Earlier this year, the California Division of Apprenticeship Standards partnered with College of Marin and Fresh Run Farm to offer a first-of-its-kind apprenticeship program for organic farming. Students learn progressive, responsible farming practices including landscape ecology, composting and fertility management, as well as the business side of farming with coursework in marketing and organic certifications.

“Our local farmers and partners have helped put Marin County on the map to achieve the state’s new plan for sustainable agriculture,” Schorske said.

California, an international trendsetter in the agricultural industry, is leading the way by integrating an expanded role for organic practices into a sustainable food system. In 2009, the California Department of Food & Agriculture announced AgVision 2030, a strategic plan that sets out to build a sustainable agriculture program. The challenges of obesity, diet-related diseases, deteriorating soil, dwindling water supplies, rising energy costs and climate change are all part of that plan.

“AgVision 2030 acknowledges the burgeoning organics industry, now powered by companies as diverse as Whole Foods and Walmart,” Schorske said.

The Indian Valley Organic Farm and Garden represents the values of Marin County because it “promotes a healthy environment, a strong local economy and helps achieve social equity through education,” Coon said.

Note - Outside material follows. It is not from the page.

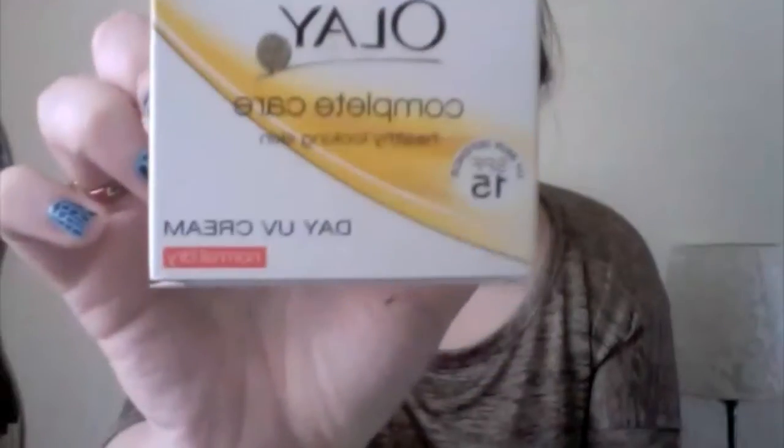I got Olay's Complete Care Day UV Cream for normal to dry skin, and I've been using this quite a bit. I went through a phase where I was having a bit of a breakout from it, but my skin's gone clear again — maybe it's just my skin, not the cream. This is actually quite good because I've noticed a difference; my skin's not as dry as it was two or three weeks ago when I first bought it.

In the last five years, the Novato campus has more than doubled in enrollment. In addition to offering a full complement of general education classes for working adults and accelerated high school students, the campus continues to expand its economic development workforce programs.

“We are committed to investing all the resources we have available for assuring the economic sustainability of the farm,” Coon said. “It has already achieved national recognition for its innovative partnerships contributing to the economic well-being of our county. The College of Marin will continue investing in and promoting the role of the farm as a flagship program for the district. It continues to play a key role in the revitalization of IVC.”